The final section in this paper looks at the effects of stressful situations on students’ ability to learn. This was a particular problem for the students in their final year at university, as illustrated by the following quotations:

  • “In the first three days I was set nine tasks and that was just scary … panic.”
  • “It was hard to cope, anxiety mostly … I am OK if I have one thing to concentrate on but, if there’s lots I don’t know where to start!  Horrible feeling knowing that you have so much to do … extremely stressful.”
  • “Very down lately … I’ll be glad when this term is over and I can catch up on some reading … The worst thing was getting a bad mark for [an exam] that made me feel I have a huge mountain to climb … Finding it tough going and running out of steam.”
  • Some students stopped doing any background reading “Simply because I don’t have time to do it.  If I tried to do it, I would stress myself out.”
  • “I’m just so scared!” before giving a seminar presentation and, afterwards, “They were quite tough on the presentations … had no positive comments, only criticisms, which made us all feel like crap”.
  • Another respondent confirmed the effect of negative feedback by saying that students felt "Torn apart".
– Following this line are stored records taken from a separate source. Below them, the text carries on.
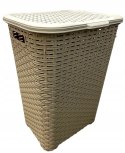 Kosz na biel.RATTAN 60l-beżowy 435x337x602 mm Kosz na biel.RATTAN 60l-beżowy 435x337x602 mm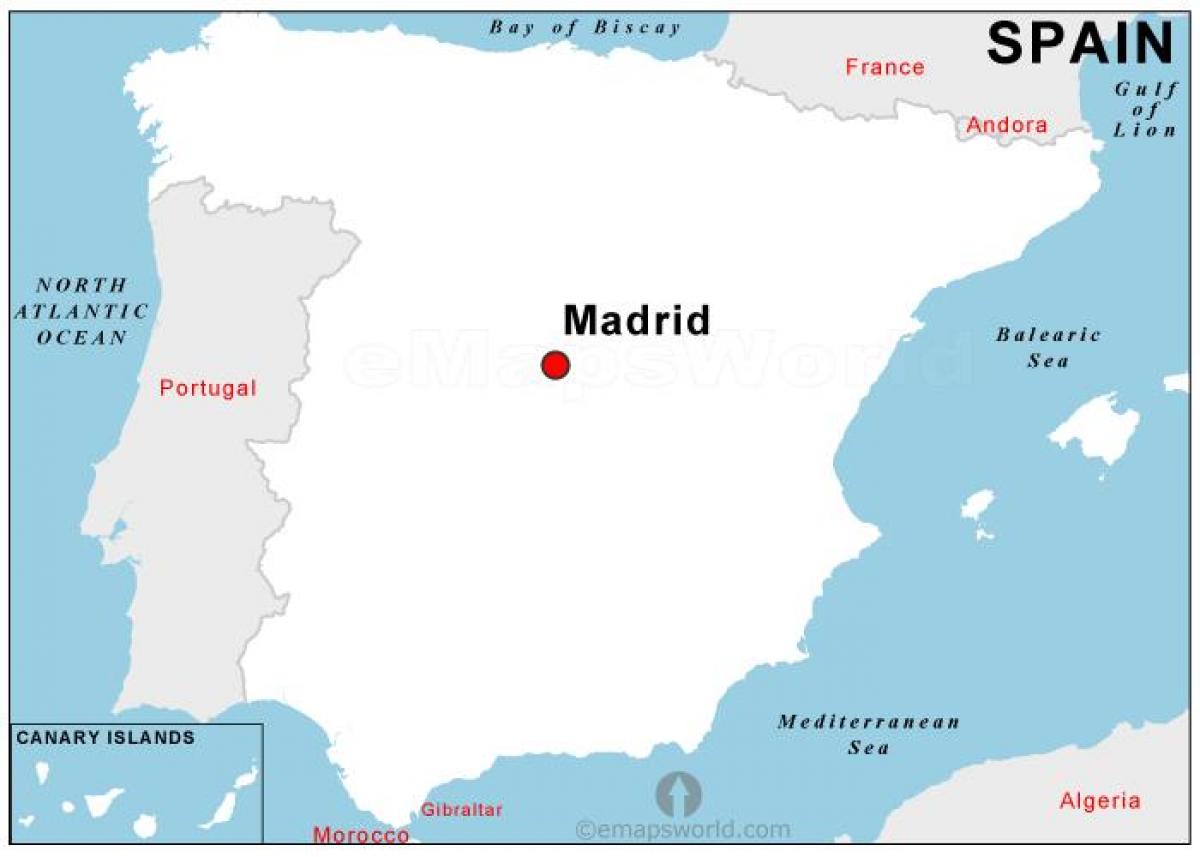 карта на столицата на Испания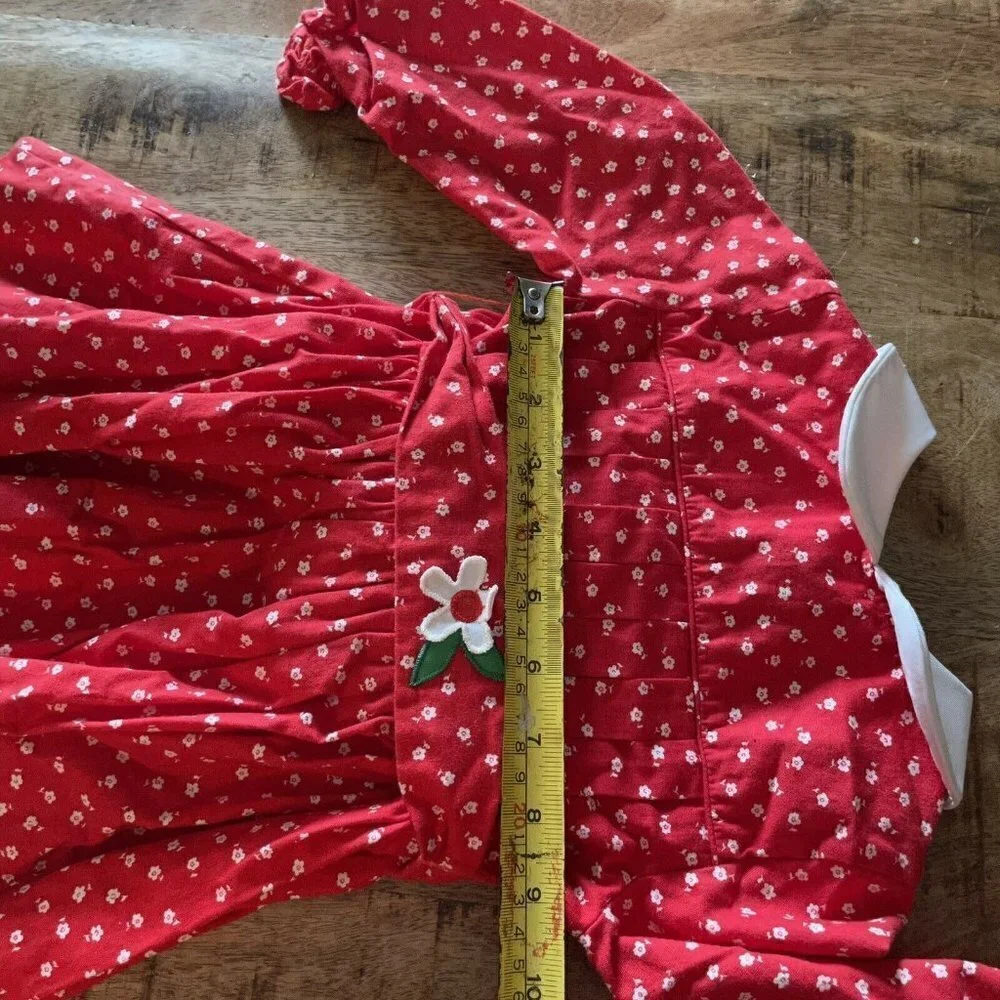 Vintage JANDI Classics Infant Girls Sz 2T Red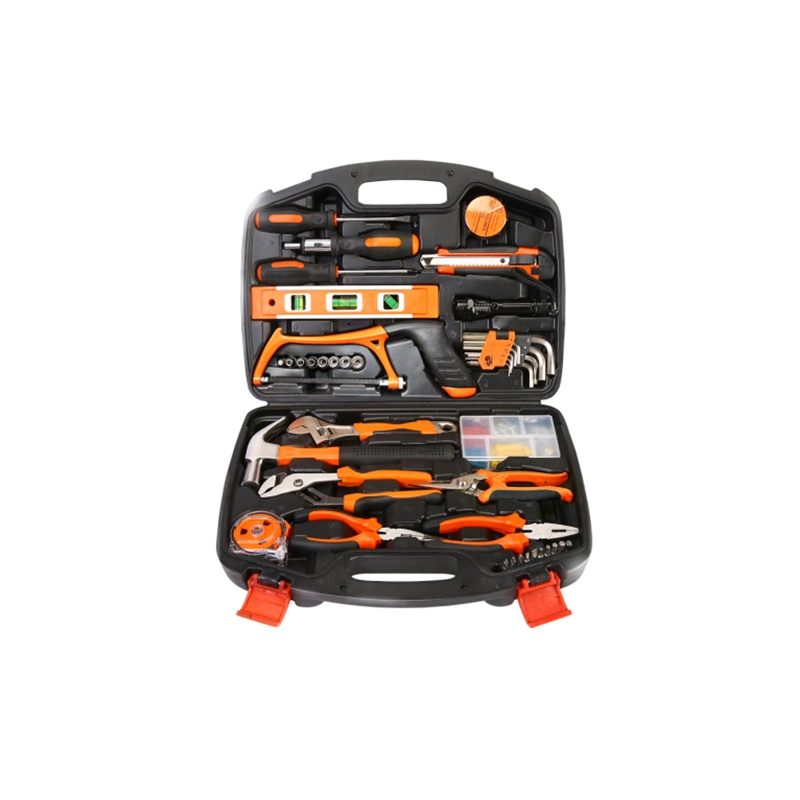 Repair Outdoor Garden Tool Kits Household Tool Set with Plastic Toolbox Storage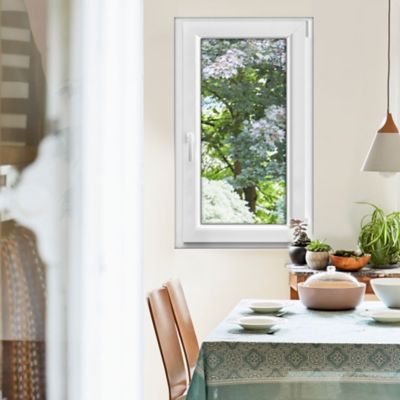 Fenêtre PVC 1 vantail oscillo-battant GoodHome blanc - l.60 x h.105 cm, tirant gauche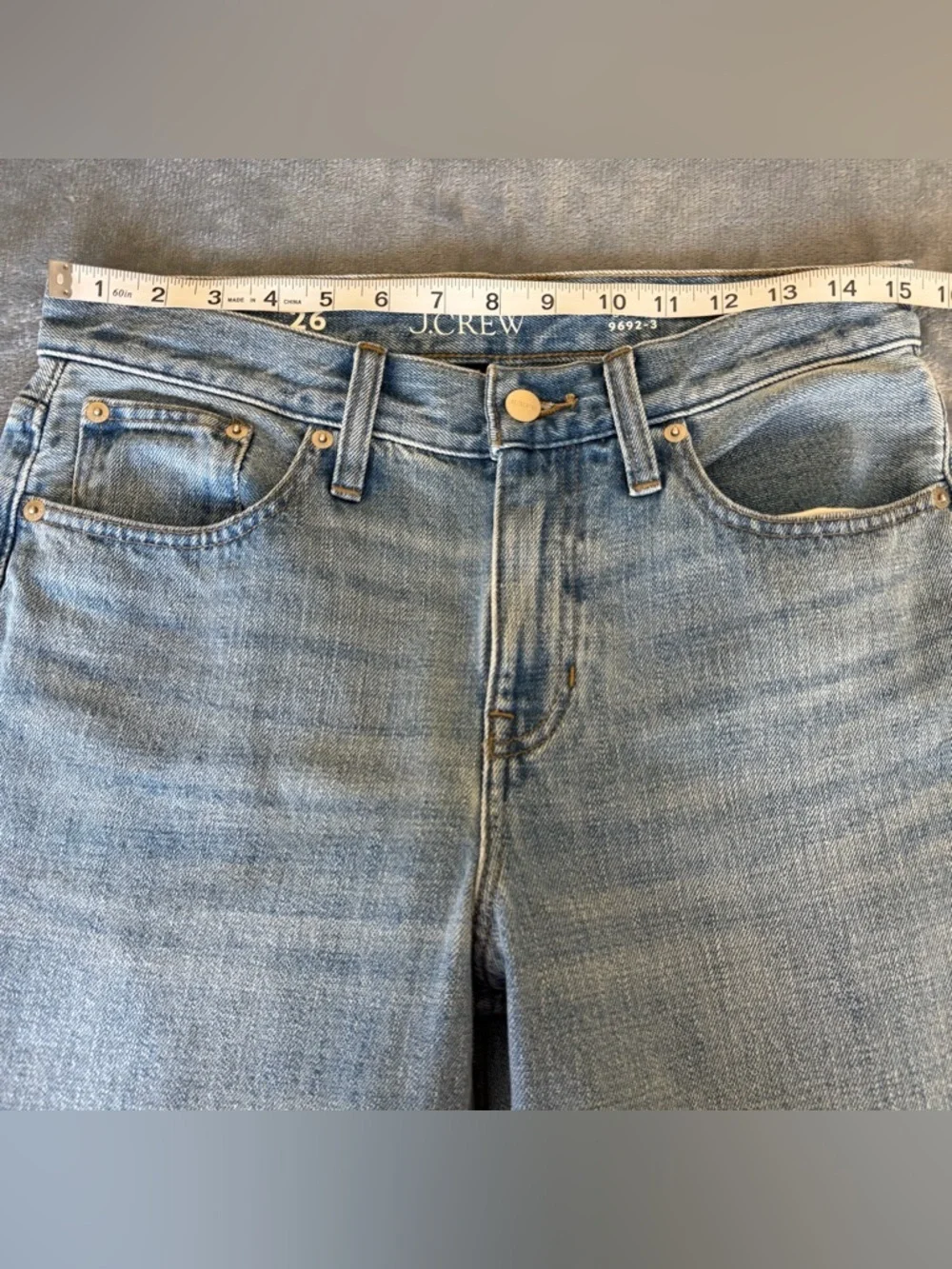 J. Crew Mid-rise Straight-Leg Elise Wash Jeans Size 26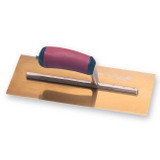 Marshalltown 16" x 5" Golden Stainless Trowel - Durasoft Handle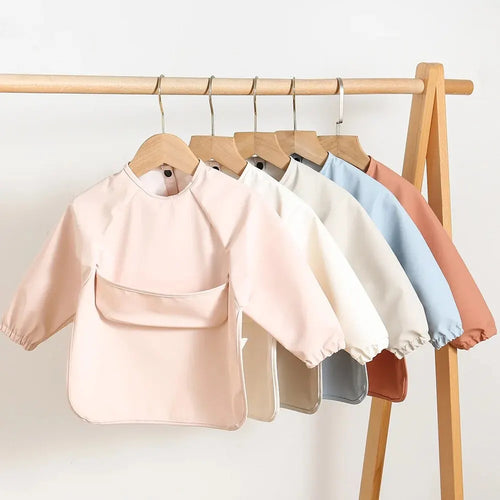 Bavoir tablier bébé imperméable à manches longues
A workload which students found burdensome resulted in high levels of stress and this, coupled with negative feedback in the form of poor exam results or criticism of their presentations, left them struggling emotionally.  Under these circumstances learning was “tough going” and some students abandoned background reading altogether.

The neurobiology

The stress response consists of a series of coordinated behavioural and physiological manifestations that promote survival (Gold, 2005).  To a large extent these manifestations are orchestrated by the amygdala, which drives cognitive programmes away from those that are complex, sequence dependent and integrative to those that are well-rehearsed, acquired during previous experiences of danger, and encoded to emerge readily in subsequent life-threatening situations (Fuster, 1991; LeDoux, 1995). In short, the stress response inhibits prefrontal cortical activity (Gold, 2005) and moves the individual’s behaviours towards simple, immediate responses to the environment.  This primitive, survival based response system is also triggered by social stress such as that described by students above (LeDoux et al, 1989).  During stress reactions, the individual will also set aside the propensity for complex behavioural and cognitive programs that may require concentration (Gold, 2005).  Over-stressed students are therefore less able to concentrate and to assimilate new information.  They are also less able to create flexible patterns of thinking and their planning ability is impaired.  Excessive stress is, therefore, counterproductive of learning.

Conclusion

This article had limited objectives but has, hopefully, demonstrated that there are neuroscientific reasons for seeking and taking seriously students’ perceptions of their learning experiences.  The way in which students experience their learning environments can significantly alter their ability to learn by affecting the neurobiological capabilities of their brains.  In short, it matters whether or not students are provided with interesting activities, with which they can engage, and whether or not they are happy or over-stressed.  It matters because engagement and emotions impact on the neurobiology of learning.  Neuroscience and education are very different disciplines and come from very different paradigms; one is a physical science, in which research tends to involve laboratory conditions or randomised controlled trials, and the other is a social science where research is often qualitative and conducted in naturalistic settings.  Yet both can make a useful contribution to our understanding of undergraduate learning.  There is, it seems, a richness of understanding to be gained from debating education in the light of neuroscientific knowledge, and perhaps also from debating neuroscience in the light of current educational theories.

Communication author: Dr Andrew Curran, Dept of Neurology, Alder Hey Hospital, Liverpool.